Having lives that are a bit more concrete, common people seem to find God more easily than do those who're more sophisticated (Mark 12:37; 1 Corinthians 1:26). They may lack philosophical acuity, but down-to-earth people do know about one thing: they know about real, practical, everyday love. They know how to love a God whom they've not seen because they know how to love other folks whom they have seen. And this is consistent with John's statement, "If someone says, 'I love God,' and hates his brother, he is a liar; for he who does not love his brother whom he has seen, how can he love God whom he has not seen?" (1 John 4:20).

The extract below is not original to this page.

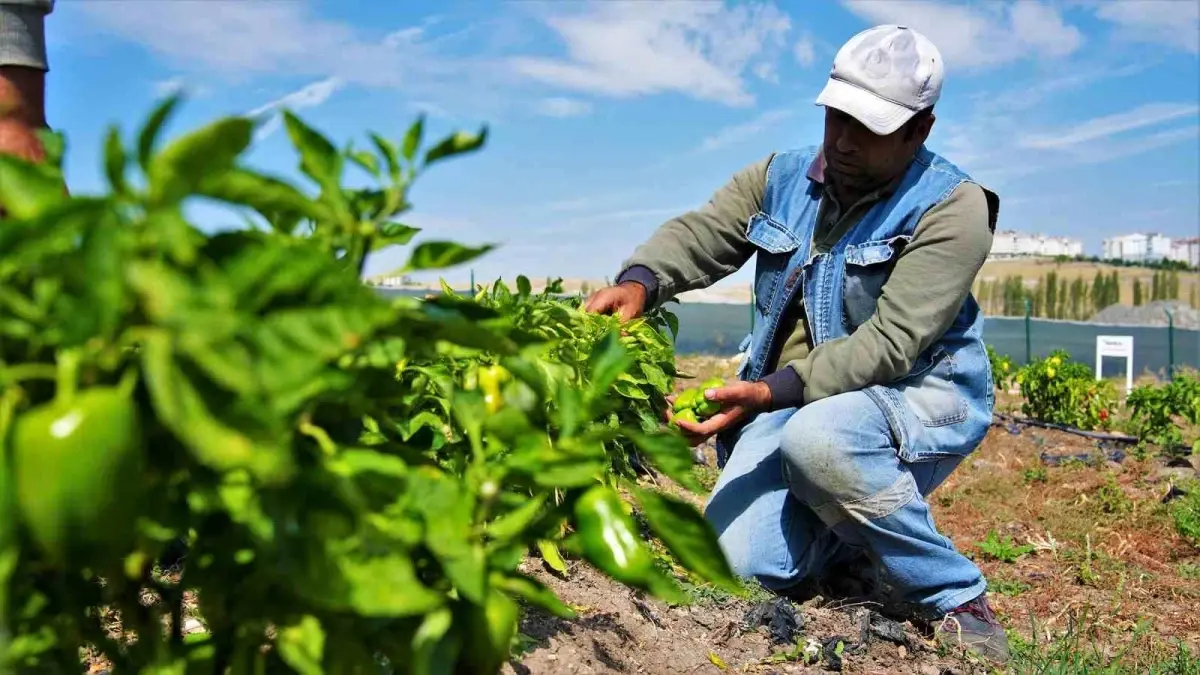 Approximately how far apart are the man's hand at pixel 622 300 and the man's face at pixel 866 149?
0.69 metres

Suppose that I have been agonizing privately over some dark question concerning God. It is entirely appropriate -- indeed it is essential -- that I search the Scriptures carefully and that I spend much time meditating on the matter. But suppose that after long labor in the realm of study, thought, and even prayer, I am still perplexed. My neighbor cannot cut his grass because he is needed at the bedside of his wife who is dying of cancer. There is at least some likelihood that the answers that have eluded me in the library will come to me in the toolshed as I prepare to do for my neighbor what he needs me to do for him.
"He who desires to see the living God face to face should not seek Him in the empty firmament of his mind, but in human love" (Feodor Dostoevsky).